Not that this stops me. I’m out drinking in one of my favourite bars.

I guess I’ll come back tomorrow.

Composed on my iPhone, so please excuse any typos!

One margarita, two cabernets…so much for the change of lifestyle


Well, so much for my Ayurvedic-inspired lifestyle change. It’s after 11:00 p.m. and here I am slightly pissed.

I can’t say I feel particularly guilty about it, though. I attended my first ever trail running class today, and it was fun! I’m used to road running, and have run three marathons, but nothing can beat trail running. Midwestern Man and I ran a 10K trail race this summer, and it was interesting how different a reaction we had to it. He found it boring and almost frightening because you have to watch out constantly that you don’t fall over rocks or trip on tree roots. This is exactly what I loved about it, though! I’ve very rarely experienced the so-called runner’s high by running on the road but I totally get into a zone when running on the trail. It’s precisely the risk factor which appeals – there’s no time to “ponder life’s complexities” (sorry, couldn’t resist a Morrissey quote) when you’re taking care not to break your ankle or are admiring the scenery.

Also, even though I know it’s not good for me, I do like the fact that the trail running group goes out for drinks afterwards. I joined a really hardcore running group this January, but I dropped out almost immediately because I just couldn’t deal with the anal retentiveness of the runners involved. All they did was sleep, eat, work and run. I tried to talk to them but every single conversation revolved around running. It didn’t seem healthy to me. This isn’t me. Despite all suggestions to the contrary on this blog, I love meeting people, and I get sad if I don’t. Trail runners have a reputation for endurance and socializing, so this suits me to the tee.

I found out tonight that one of the members of the “hard core” group ran a sub-3-hour marathon recently. This is very impressive for an amateur but, well, it’s still an amateur time, and he had given up his entire life for that! It just doesn’t seem worth making so many sacrifices for a sport which is essentially a hobby. I guess if it makes him happy, I shouldn’t judge but, still, it seems like an empty life to me. A self-indulgent, self-absorbed life, too, because, let’s face it, running is a very individualistic, solitary sport. I have met single-minded, obsessive people before but they’ve usually been artists or writers, and at least they’ve grown intellectually by focusing on their chosen field. Running, though? All you seem to be focusing on is your body.

On the other hand, it did occur to me that I reacted so strongly to this guy because, quite simply, I’m jealous of him. I’m not jealous of his speed because, well, if I trained hard enough I could be really fucking fast. I’m a natural runner, and if I really put my mind to it I could be great. But that’s just the problem, though…I don’t put my mind to it at all. And that’s why I’m jealous of him, because he does try hard and persevere. When I first met this guy, he really wasn’t a spectacular runner at all but now he’s fantastic. Sure, he must have some natural talent, but, ultimately, he succeeded because of sheer willpower, determination and hard work.

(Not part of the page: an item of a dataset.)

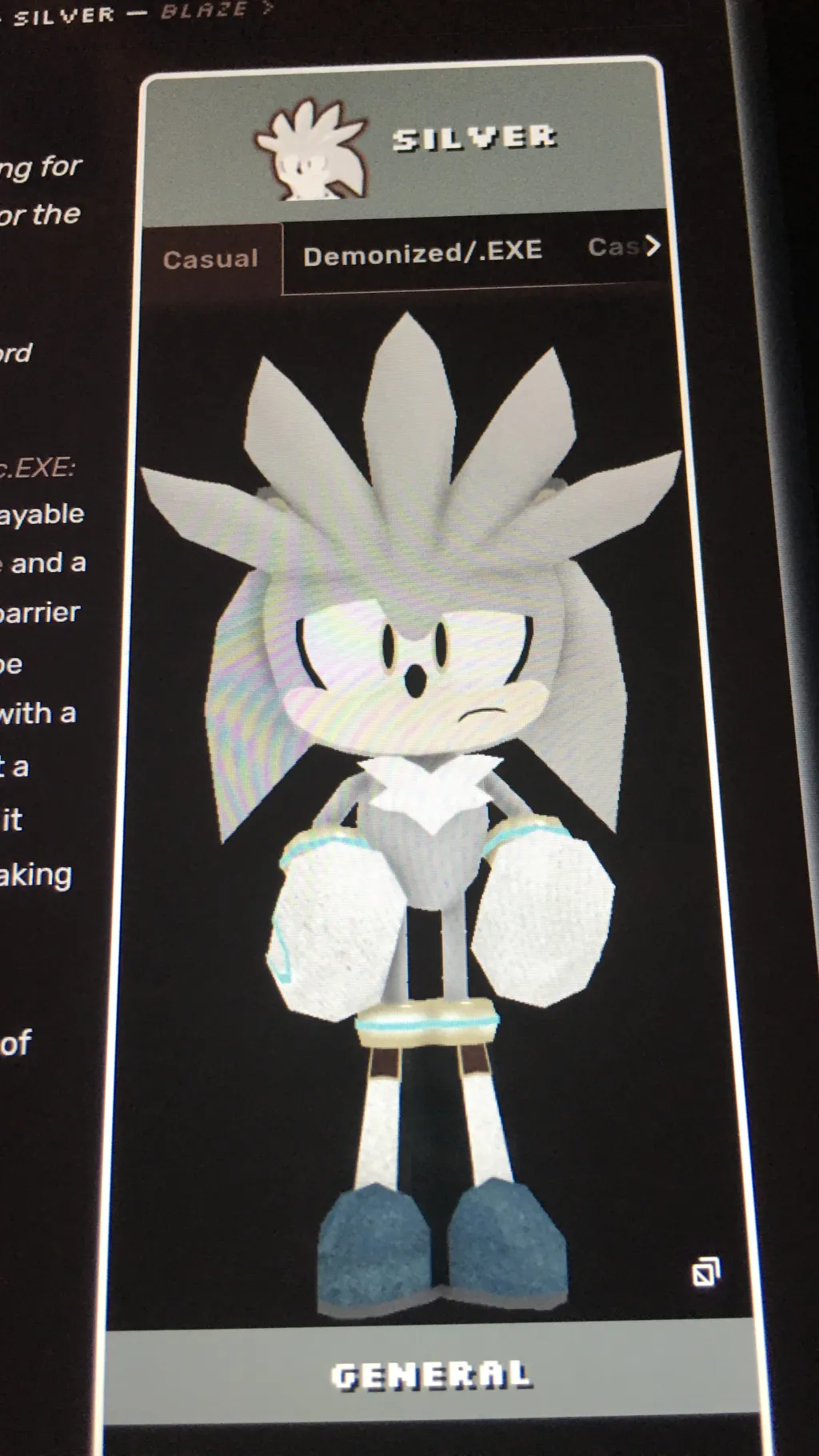 ai character: Silver background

There are several things in my life which I could easily put more effort into because I’m good at them – singing, writing and running are the most obvious. And, on top of these main interests there are a zillion other less important things which interest me. There are people out there who are good at multi-tasking or who work at, and succeed in, several fields at once. I don’t succeed in anything! My focus is splintered off into too many areas all at once. I don’t really persevere in anything.

I do still think Mr Sub-3-hour-marathon is an empty shell of a person because running consumes him 24/7. But! But! But! I feel guilty for thinking badly of him because, ultimately, he can do what I can’t: stick at something and excel.

My main talent seems to be sitting on the sidelines to pooh-pooh the efforts of others, and telling myself that I could easily do better if I put my mind to it…without ever getting off my fat arse to try.

Red, red wine


No time to post tonight.

I’ve been drinking red wine with a client all night, and now we need to go have our session.

How dutiful am I, though? Even though I’m tipsy and still have to work, I still don’t forget about you, dear readers.

Comment, for fuck’s sake!


I came home this evening from a volunteer training session and immediately checked my email in the hope that I’d find at least one wee comment on yesterday’s post. But no! Not a single comment – and that despite the fact that poor Petrichor here nearly left the realm of mortals yesterday because of a careless driver!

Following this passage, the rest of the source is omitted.